Lamar Haynes and Kevin Robbins

The book is not a biography, though it certainly has biographical elements to it. It is simply the story of Payne’s final year, with a look back at Payne’s not so simple career mixed in. The author’s real talent lives in the research and honesty. The story reads like you’re back in 1999 again, with quotes pulled from media articles or press conferences. Anecdotes are sprinkled here and there from all of Payne’s contemporaries. The storytelling is seamless and captivating.

“I was pleasantly surprised how much Colin Montgomerie remembered about the concession at the 1999 Ryder Cup,” Robbins said. “Colin can be a tough interview. He is generally mistrustful of the media. His agent gave me 15 minutes during the Pro-Am in Houston. This was in the spring of 2018. I met Colin on the 17th hole and he had started his round on 10. Just organically the conversation carried us to the fifth green. Just because he kept remembering things. He kept talking, you know. It was incredible. Tom Lehman was the same way. He said “I’ll give you 20 minutes” and it ended up being an hour and a half at Starbucks.”

The research took Robbins to Massachusetts, Florida, and Missouri—and of course, to Pinehurst. He met with Mike Hicks, Payne’s former caddie, there to discuss that final round. The two ended up out on Pinehurst No. 2, walking the last three holes and reliving the victory. It gives life to the story and fills it with detail.

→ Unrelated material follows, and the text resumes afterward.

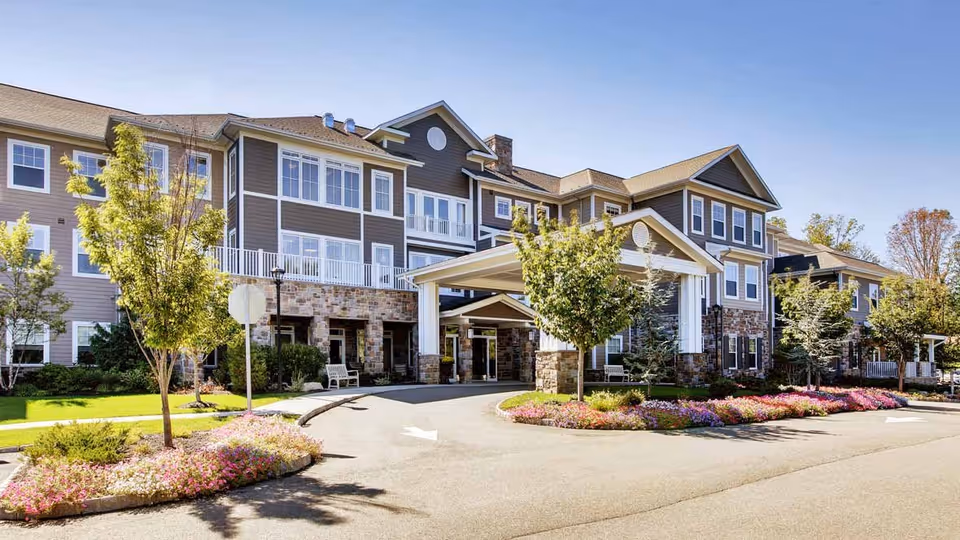 Exterior view of a large, multi-story senior living facility building with a covered entrance driveway. The building features a combination of stone and siding with numerous windows. There are landscaped flower beds and small trees along the driveway under a clear blue sky.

“Part of what I hoped for this book is that it would be more than just a sports story,” Robbins said.  “More than just a golf story. The more I started thinking about where Payne began and where he ended, it seemed to me…and I’m not going to call it a redemption story although I bet some people do. People when they are younger, they have regrets and they make mistakes. They do things they wish they could take back but they can’t. So, what can they do? Well, they can improve. They can get better. That’s what Payne was doing with his life. He was improving himself. It was too late to change what he had done already. So what could he do with the future? He could be different.”

“It was accurate,” Haynes said.  “I had a tear when I finished it. I texted Kevin right afterward. I told him I couldn’t call him because I’m choked up so I texted him.”

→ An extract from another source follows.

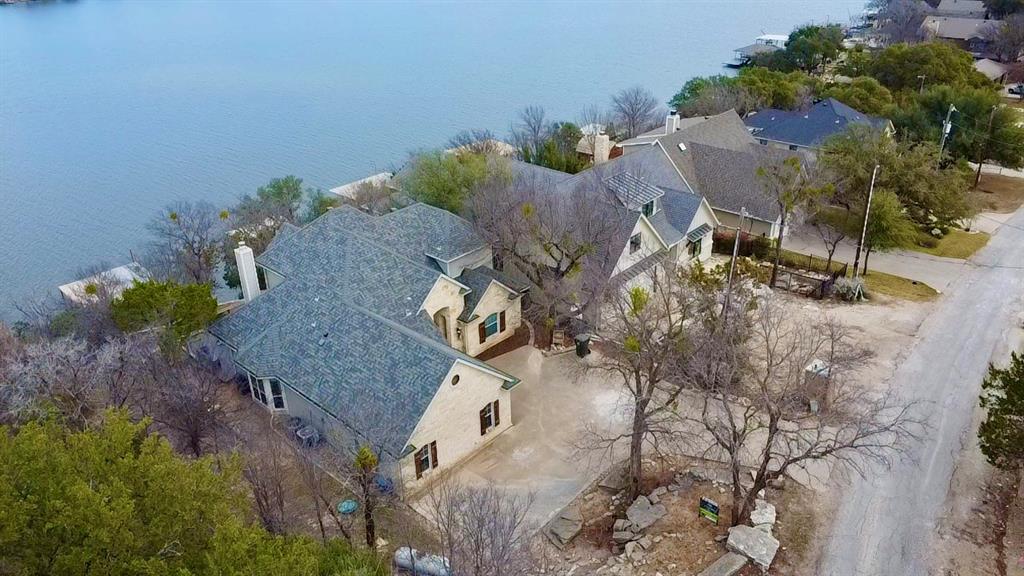 Gorgeous main-body waterfront home on Lake Granbury offering stunning lake views and extensive updates. This 4-bedroom, 2.5-bath residence provides spacious living and excellent indoor-outdoor flow for enjoying lake life year-round. Recent improvements include a newly installed roof, updated flooring, fresh interior paint, and a new deck overlooking the water. The kitchen is a dream. Perfect for entertaining complete with granite counters, stainless appliances and a gas stove. The primary suite features a claw-foot tub, tile backsplash, and barn door accents. Located on the main body of Lake Granbury, this home offers prime waterfront access and move-in ready condition. 
SELLER IS OFFERING 5K IN CLOSING COST! HIGHLY MOTIVATED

So here’s two men who knew Payne Stewart, albeit in very different ways. They knew he was flawed in life but he got better. Was Payne Stewart that hero at Pinehurst, grabbing Phil Mickelson’s face and telling him the important thing is he’s going to be a father? Yes. But he was so much more than that. He was so much more than I knew before I read this book. Most importantly, Payne Stewart was always improving. A lesson for all of us, indeed.